I’d met with one of the curators who wanted to discuss my own participation in the show and hadn’t minced my own objections despite also agreeing to consider an invitation should one me made. Well, that never happened – apparently a consensus for my participation couldn’t be found. Which was alright, because in reality I couldn’t actually find a consensus for my participation either, even though – like most I suspect – I’m happier making work than not making it and that’s what would have guided me. Really, never mind.

And I mean, now that the show has opened, really never mind. I’m clearly at least ten years too old to have been considered young enough, for one thing. But that aside, one has to wonder whether this show represents the city, its scene and conditions at all (if I even consider myself yet to be properly a part of it which I don’t think I do). Or whether instead it reflects nothing much more than the generic exhibition-making of global biennialism etc. by which we are all already made sick and subject.

By which I mean, I’m not questioning anyone’s decision to participate (some were also Haben und Brauchen signatories after all, some I know, some are close friends and I support them), nor, here, exactly critiquing the work exhibited.
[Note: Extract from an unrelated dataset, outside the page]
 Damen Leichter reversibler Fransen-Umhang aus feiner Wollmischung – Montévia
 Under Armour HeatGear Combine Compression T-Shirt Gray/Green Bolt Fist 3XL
But for an exhibition that still describes itself in its leaflets to be assuming a representatively “dynamic” form it is strangely indistinguishable from a perfectly familiar and digestible Smörgåsbord of art industry fodder – that was, with a little help from some celebrity endorsement, of course lauded by the pretty funny myth-spewing of the general press as an instant success.

Split between five venues here is the format and familiar texture of institutions and reclaimed run-down spaces, of event, exhibition, multiple media, local initiatives, famous and unknown names, graphic design, scale, spectacle and hospitality that we know. This show was never going to speak to the city despite the best efforts of some residents’ attempts to speak to it. (Or despite the special (triumphalist?) viewing platform from which Berlin can be seen beneath us, that Herr Wowereit insisted be built). No. It is a communication between those who sanction such exhibitions in the first place and all of those who are in turn sanctioned by it, a kind of self-supporting (power) structure. People with money like these sorts of things. And “we” like them.

I love Berlin, even though I’m still coming to know it and my impressions of it assume no precedence or authority, and maybe this is why, but still I do not recognise it here, sewn-up – stitched-up – resolved. This show so thoroughly speaks to the cultural gravy train as to feel like something has been taken away rather than been given form  – formerly a specific place, a situation from which to speak “represented” as an any-place, a null-and-void, even though many may still well benefit from it and even if I don’t think that such benefiting is absolutely always wrong. But it’s not just a city that disappears by these means.

What horror such competence! What alienation. What, in fact, such a logical outcome of a process of position, opposition, negotiation. What depression. Of course we’re left with assimilation into a seamless promotional event of everything that was awkward, difficult, blatant or exploitative in the project’s original outline. A reputation saved. What naivety not to expect to be surprised quite like this. And what work to be done now.